One might ask, in our modern era, if there is space in our cultural dialogue, to consider the words spoken by John F. Kennedy in his first inaugural address: “My fellow Americans, ask not what your country can do for you, ask what you can do for your country.”
If we can begin to answer this question, not only for Americans but for all of Earth’s inhabitants, perhaps we will get closer to Long Now goal of becoming a good ancestor.
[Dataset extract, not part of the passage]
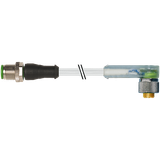 M12 male 0° / M12 female 90° A-cod. LED PUR 3x0.34 gy UL/ CSA+drag 10.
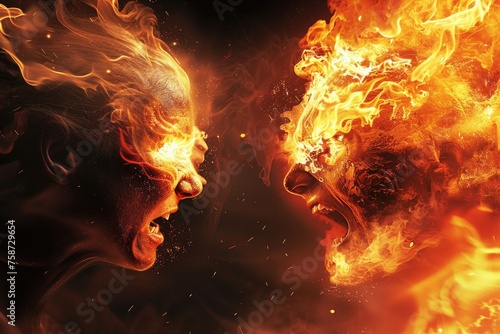 Two people are fighting in a fiery battle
Athenian Perspectives of the Long Now:
Pericles died of the plague, but in his final speech he claimed that Athens would be remembered forever for its military strength and power. The city’s subsequent defeat at the hands of Sparta and over two thousand years of praise for Athens’ cultural (but not political) legacy ultimately proved him wrong. Socrates, who was executed by majority vote for (essentially) asking too many questions, believed Athens would be remembered in infamy for killing a wise man. He too was wrong. Thucydides believed that the past and the future reflect the unfolding patterns of our innate human nature. The greatness of Athens in the expression of their culture, through art, architecture, literature, history and philosophy, has proven him right.
Professor Loren J. Samons II, a Professor of Classical Studies at Boston University since 01993, earned his doctorate at Brown University. Professor Samons specializes in the history of Greece in the fifth and sixth centuries B.C., with particular interests in Athenian politics and imperialism. He is he author, co-author, or editor of six books and numerous articles on ancient Athens.
His current research focuses on the figures of Pericles and Kimon, Athenian foreign policy, the Modern Greek poet Cavafy, and the composition of Herodotus’ and Thucydides’ histories. His work has often focused on potential lessons about current (and future) government and society derived from the study of ancient Greece and Rome.